• **REQUIREMENT**
How many lines in the data that follows contain the word "Nissan"? Only that number is needed.

• **RECORDS SUPPLIED**
%%
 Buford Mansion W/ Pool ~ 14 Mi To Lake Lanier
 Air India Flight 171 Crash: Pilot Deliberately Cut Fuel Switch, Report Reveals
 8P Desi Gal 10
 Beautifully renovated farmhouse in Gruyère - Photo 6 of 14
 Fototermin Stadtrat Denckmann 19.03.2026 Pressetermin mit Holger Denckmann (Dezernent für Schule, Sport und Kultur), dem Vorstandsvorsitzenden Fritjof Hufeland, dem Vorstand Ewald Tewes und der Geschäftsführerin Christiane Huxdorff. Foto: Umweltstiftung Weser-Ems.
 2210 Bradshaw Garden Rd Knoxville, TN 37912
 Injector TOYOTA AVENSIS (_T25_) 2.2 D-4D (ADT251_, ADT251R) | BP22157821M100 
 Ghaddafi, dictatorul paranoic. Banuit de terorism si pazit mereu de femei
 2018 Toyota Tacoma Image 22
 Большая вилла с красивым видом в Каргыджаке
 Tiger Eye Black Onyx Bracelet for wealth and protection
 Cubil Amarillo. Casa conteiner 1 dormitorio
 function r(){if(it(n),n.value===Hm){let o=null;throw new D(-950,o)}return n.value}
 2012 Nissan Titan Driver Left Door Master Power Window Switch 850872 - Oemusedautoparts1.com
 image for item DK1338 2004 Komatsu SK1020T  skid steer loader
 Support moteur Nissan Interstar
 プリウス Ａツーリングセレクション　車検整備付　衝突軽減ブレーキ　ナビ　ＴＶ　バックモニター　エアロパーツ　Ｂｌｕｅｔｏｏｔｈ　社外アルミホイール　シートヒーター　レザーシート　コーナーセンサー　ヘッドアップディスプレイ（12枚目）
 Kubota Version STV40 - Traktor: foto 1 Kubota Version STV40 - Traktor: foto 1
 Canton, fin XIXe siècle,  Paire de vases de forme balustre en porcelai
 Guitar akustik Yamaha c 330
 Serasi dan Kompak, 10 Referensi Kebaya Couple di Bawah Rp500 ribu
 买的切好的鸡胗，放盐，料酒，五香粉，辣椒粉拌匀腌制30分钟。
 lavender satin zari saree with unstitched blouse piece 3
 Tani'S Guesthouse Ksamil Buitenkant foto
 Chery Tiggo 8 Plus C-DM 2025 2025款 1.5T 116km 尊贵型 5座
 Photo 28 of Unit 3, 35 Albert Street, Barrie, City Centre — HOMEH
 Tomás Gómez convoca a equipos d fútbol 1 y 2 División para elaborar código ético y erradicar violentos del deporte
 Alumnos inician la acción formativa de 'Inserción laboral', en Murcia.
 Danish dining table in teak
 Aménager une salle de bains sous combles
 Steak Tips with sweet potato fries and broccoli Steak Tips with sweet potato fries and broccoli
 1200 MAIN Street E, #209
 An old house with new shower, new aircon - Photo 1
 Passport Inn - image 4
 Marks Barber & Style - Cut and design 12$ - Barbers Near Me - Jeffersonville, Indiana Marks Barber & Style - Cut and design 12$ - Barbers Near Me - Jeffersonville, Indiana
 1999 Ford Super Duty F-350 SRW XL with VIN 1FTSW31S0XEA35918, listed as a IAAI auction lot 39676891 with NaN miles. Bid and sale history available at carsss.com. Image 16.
%%
• **RESPONSE FOR THIS EXERCISE**
2